Home Computer Science
Table of Contents:
The performance of a traditional computer, as proposed by Von Neumann, with a single CPU that issues sequential requests to memory, one at a time, executing scalar data has steadily progressed in steps with continuous implementation of faster hardware technologies and techniques, innovative designs in processors, and through numerous novel ideas used in system software design and its optimization. By this time,, due to the availability of more modern sophisticated hardware resources, computer architecture has progressed through mostly many evolutionary rather than revolutionary changes over the last few decades. The notable ones are pipeline architecture (instruction—level parallelism), and then the superscalar architecture (machine parallelism) using several pipelines with multiple functional units within one chip. Continuous advancements of these two approaches and their exhaustive use in gradual steps have been rigorously implemented up to their extreme limits in the on-going evolutionary process of computer architecture. The ever-increasing speed in processor and memory technologies coupled with increased capability and progressive reduction in size was then gradually approaching their physical limits. Revolution in VLSI technology, however, continued, which ultimately further made it feasible to develop multiple processor cores within a one-chip powerful microprocessor, historically known as multicore, as well as larger-capacity RAM at a reasonable cost. In addition, many other significant improvements have been also made in the areas of other resources involved in computer architecture. As a result, many different forms of advanced computer architecture, leaving the line of traditional approach have been experimented with; some of them have already been implemented, while others are still in the process of further befitting developments that summarily make abrupt changes in the conventional concept of computer architecture.

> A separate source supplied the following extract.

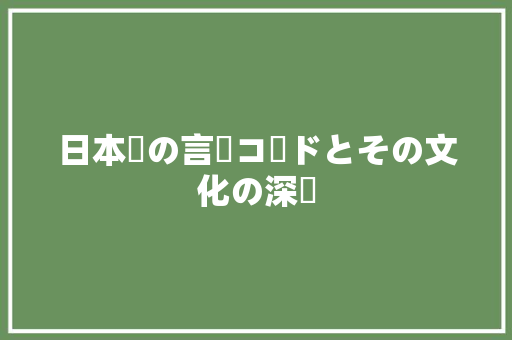 日本語の言語コードとその文化の深層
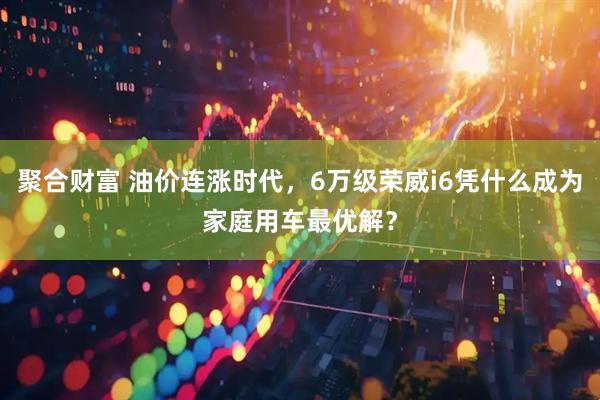 聚合财富 油价连涨时代,6万级荣威i6凭什么成为家庭用车最优解?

In spite of these achievements, computing demand was observed to be still remaining ahead of the available computer facilities. Moreover, some real-life applications gradually evolve by this time, which require specific system supports that were absolutely beyond the existing capabilities of the fastest contemporary machines. Real-life processes are those, such as, in disciplines including aerodynamics (Aircraft control, Ballistic missile control), seismology (Seismic data processing), meteorology (Weather forecasting), fluid-flow analysis, computer-aided design (CAD), nuclear / atomic physics problems, and many more of similar types in different disciplines. With relentless progress in more advanced VLSI technologies, the cost of the computer hardware has sharply come down. Consequently, all-out attempts were then taken by computer designers aiming to ultimately assume that a computer should consists of some number of control units, ALUs, and memory modules that can operate in parallel without substantially increasing the cost, and the results thus obtained have been eventually found to be spectacular. This idea, when implemented, resolved many of the pending issues by exploiting a new concept known as processor- level parallelism. The use of multiple CPUs to achieve very high throughput, and fault tolerance / or reliability, opens up a new horizon, popularly known as parallel organisation. Moreover, while the failure of the CPU is almost always fatal to a single-CPU computer, a parallel system can be so designed that it can continue functioning, even in the event of failure of one of its CPUs, perhaps with a reduced performance level.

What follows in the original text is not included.